So what we are going to do, though, is we are going to start with applying this with a simple linear model. This is mildly terrifying for me because we are going to do NLP and our NLP faculty expert is in the room. So David, just yell at me if I screw this up too badly. NLP refers to any kind of modeling where we are working with natural language text. Interestingly enough, we are going to look at a situation where a linear model is pretty close to the state of the art for solving a particular problem. It’s actually something where I actually surpassed state of the art in this using a recurrent neural network a few weeks ago, but this is actually going to show you pretty close to the state of the art with a linear model.

IMDb

Notebook

We are going to be working with the IMDb dataset. So this is a dataset of movie reviews. You can download it by following these steps:

To get the dataset, in your terminal run the following commands:wget http://ai.stanford.edu/~amaas/data/sentiment/aclImdb_v1.tar.gzgunzip aclImdb_v1.tar.gztar -xvf aclImdb_v1.tar

And once you download it, you’ll see that you’ve got a train and a test directory and in your train directory, you’ll see there is a negative and a positive directory. And in your positive directory, you’ll see there is a bunch of text files.

PATH='data/aclImdb/'
names = ['neg','pos']%ls {PATH}aclImdb_v1.tar.gz  imdbEr.txt  imdb.vocab  models/  README  test/  tmp/  train/%ls {PATH}trainaclImdb/  all_val/         neg/  tmp/    unsupBow.feat  urls_pos.txt
all/      labeledBow.feat  pos/  unsup/  urls_neg.txt   urls_unsup.txt%ls {PATH}train/pos | head0_9.txt
10000_8.txt
10001_10.txt
10002_7.txt
10003_8.txt
10004_8.txt
10005_7.txt
10006_7.txt
10007_7.txt
10008_7.txt
...

And here is an example of a text file:

trn[0]"Story of a man who has unnatural feelings for a pig. Starts out with a opening scene that is a terrific example of absurd comedy. A formal orchestra audience is turned into an insane, violent mob by the crazy chantings of it's singers. Unfortunately it stays absurd the WHOLE time with no general narrative eventually making it just too off putting. Even those from the era should be turned off. The cryptic dialogue would make Shakespeare seem easy to a third grader. On a technical level it's better than you might think with some good cinematography by future great Vilmos Zsigmond. Future stars Sally Kirkland and Frederic Forrest can be seen briefly."

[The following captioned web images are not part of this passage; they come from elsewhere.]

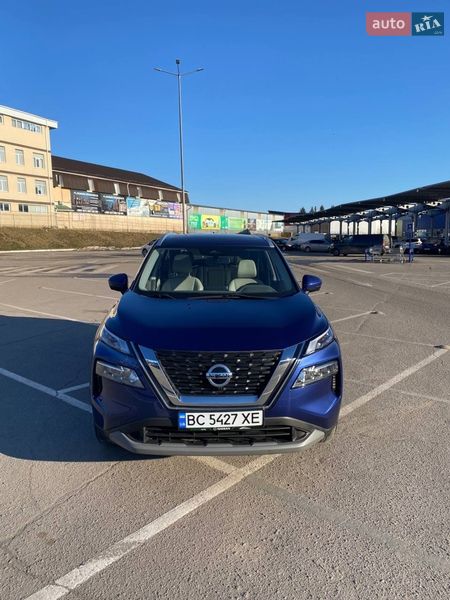 Внедорожник / Кроссовер Nissan Rogue 2021 в Львове фото 5 Внедорожник / Кроссовер Nissan Rogue 2021 в Львове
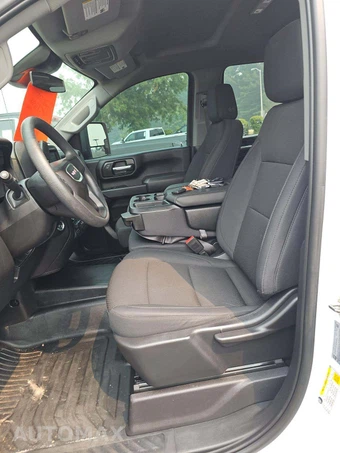 2025 GMC Sierra 2500HD Pro Extended Cab Medium Bed 1SA - miniatura 6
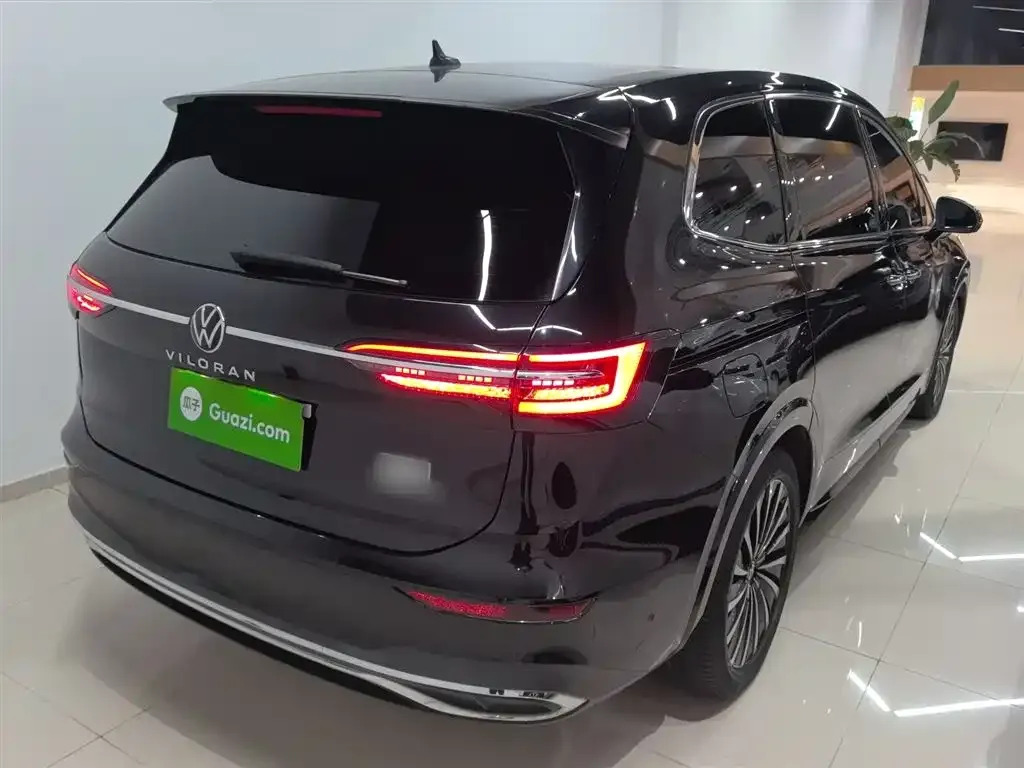 Volkswagen Viloran 2021 из CN, фото 7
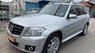 Mercedes-Benz GLK 2010 - Nhà cần bán xe Mercedes 2010, màu bạc, giá tốt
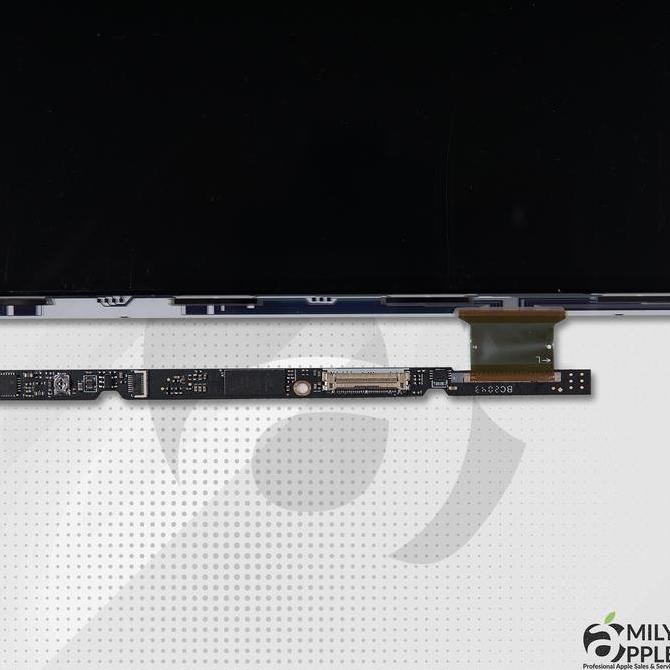 Lcd Macbook Air 11" A1465 / A1370 2010 - 2015 | Lcd Only New Stok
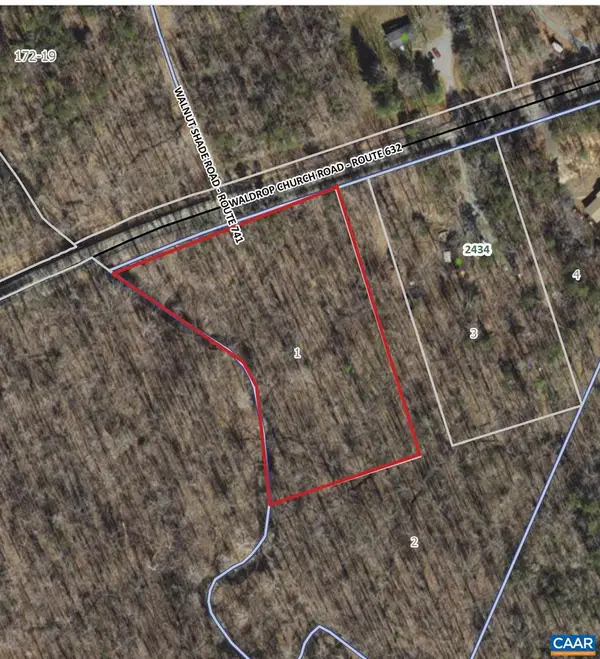 Lot 1 Waldrop Church Rd, LOUISA, VA 23093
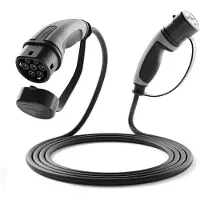 Ratio Electric Premium Laadkabel type 2 - 1 fase 16A - 6 meter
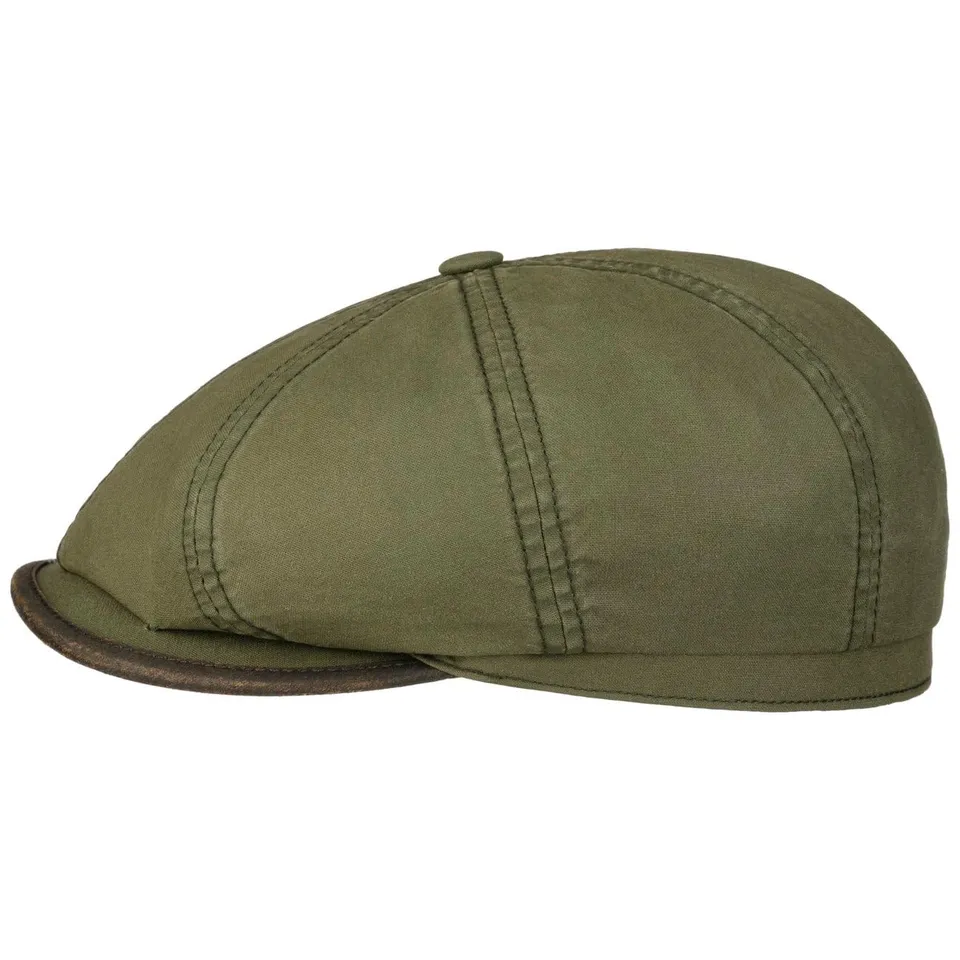 stetson-hatteras-schirmm-tze-flatcap-uv-schutz-herren image 1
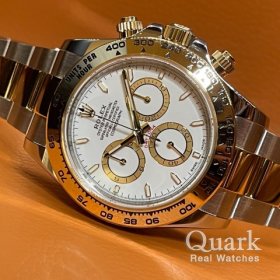 ロレックス デイトナ 126503 ホワイトダイヤル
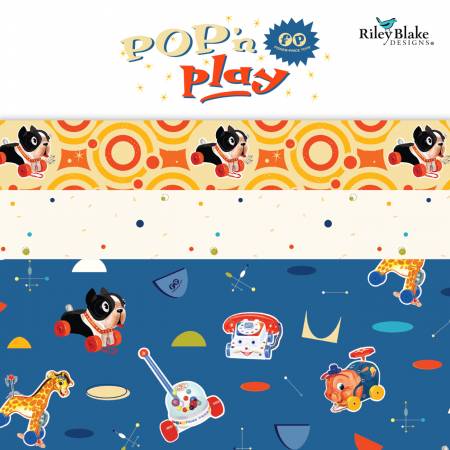 Pop 'n Play Charm Pack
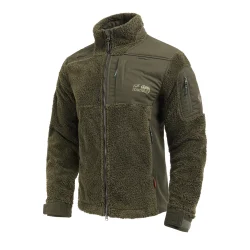 Full mundur | Valdres fleecejakke | forrest green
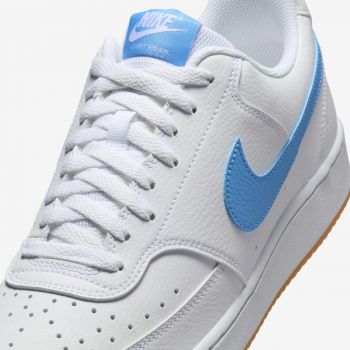 Кеди чоловічі Nike Court Vision Lo HJ9105-100 42.5 (9 US) білі (197599180999) Кеди чоловічі Nike Court Vision Lo HJ9105-100 42.5 (9 US) білі (197599180999) | Фото 7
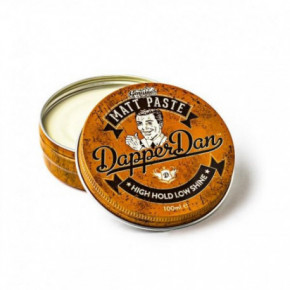 Dapper Dan Matt Paste 100ml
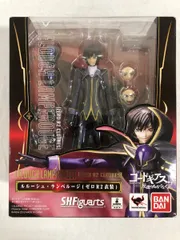 2025年最新】s.h.フィギュアーツ ルルーシュの人気アイテム - メルカリ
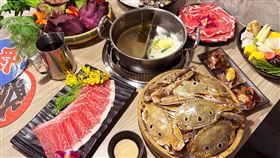 涮樂和牛鍋物 食べ放題，馬辣集團提供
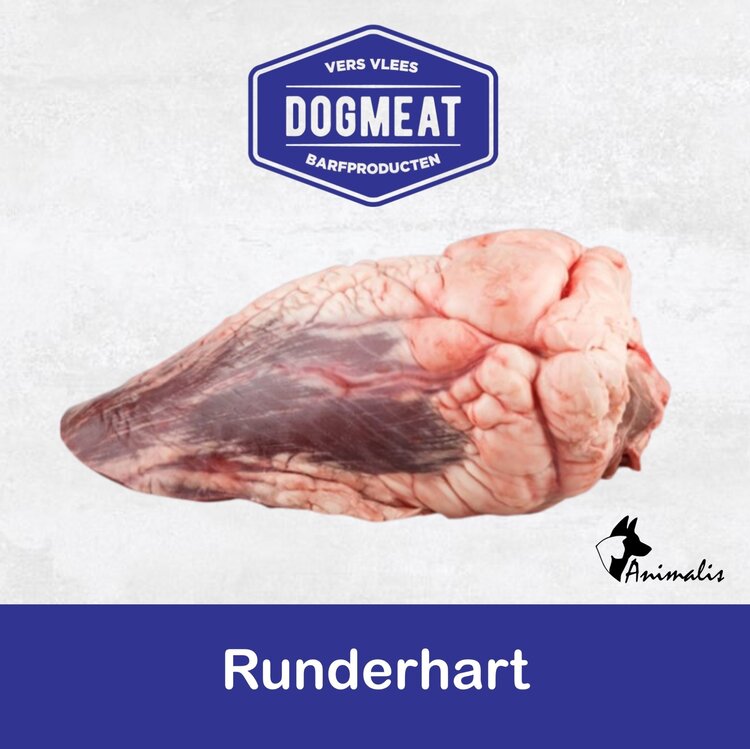 Dogmeat/BARF "Rinderherz"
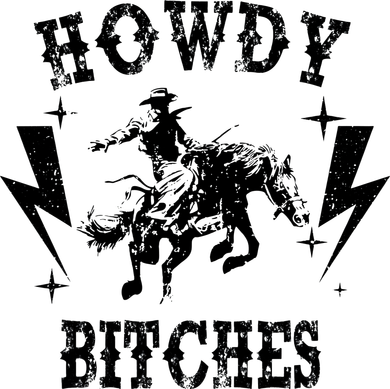 Howdy Rodeo 's Western Country Nashville Cow Polo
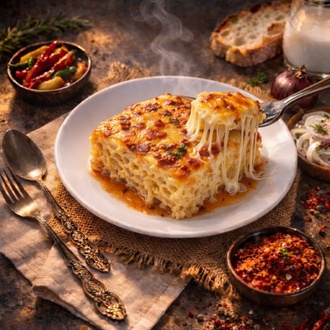 Fırın Makarna görseli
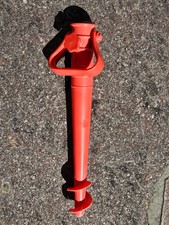 Sonnenschirm-Halterung für Garten oder Strand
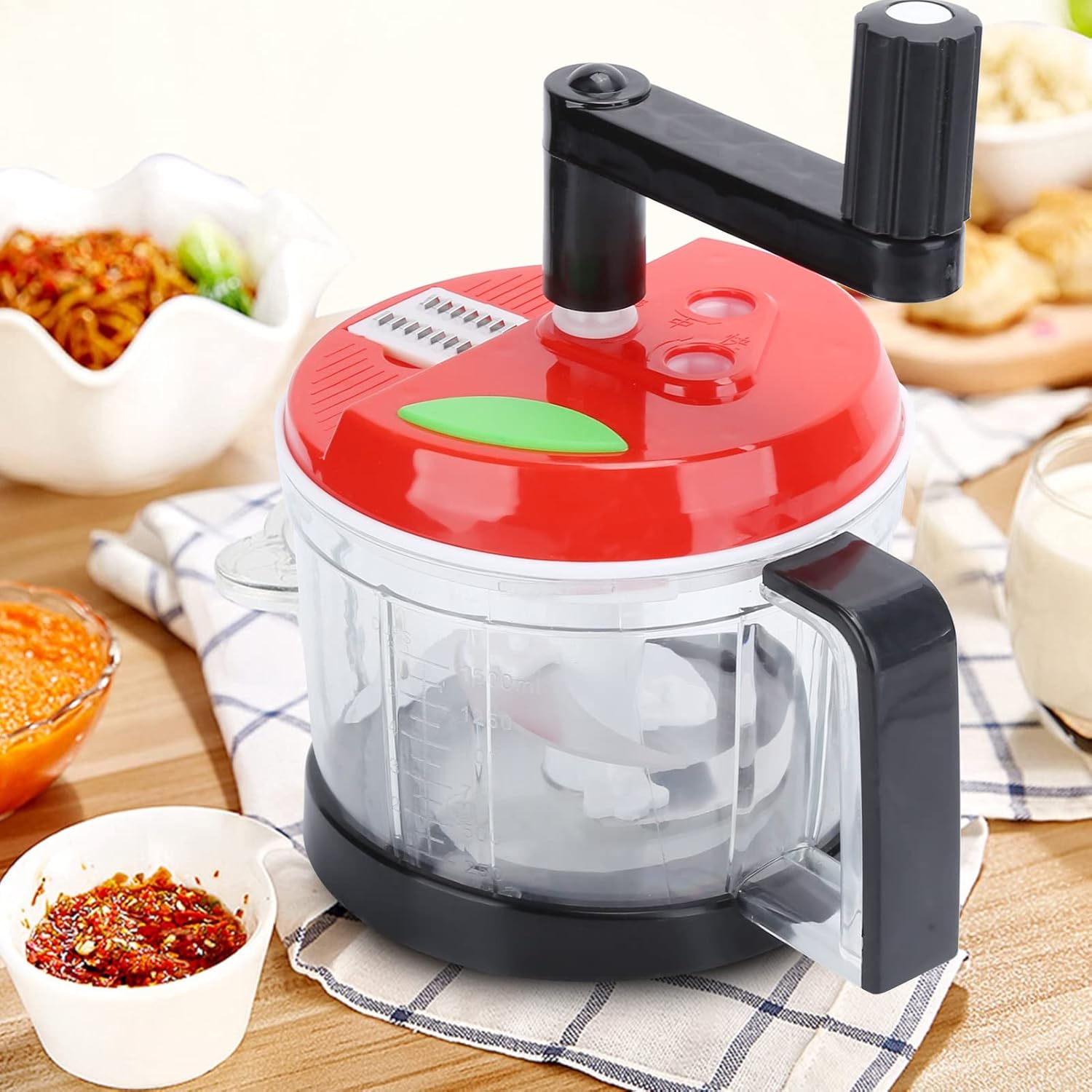 Procesador de Alimentos Manual 3500ml 88158 Selecto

So somehow we’ve managed to pick out a story of a man who has unnatural feelings for a pig as our first choice. That wasn’t intentional but it’ll be fine.

We are going to look at these movie reviews and for each one, we are going to look to see whether they were positive or negative. So they’ve been put into one of these folders. They were downloaded from IMDb (the movie database and review site). The ones that were strongly positive went in /pos and strongly negative went in /neg, and the rest they didn’t label at all (/unsup). So there are only highly polarized reviews.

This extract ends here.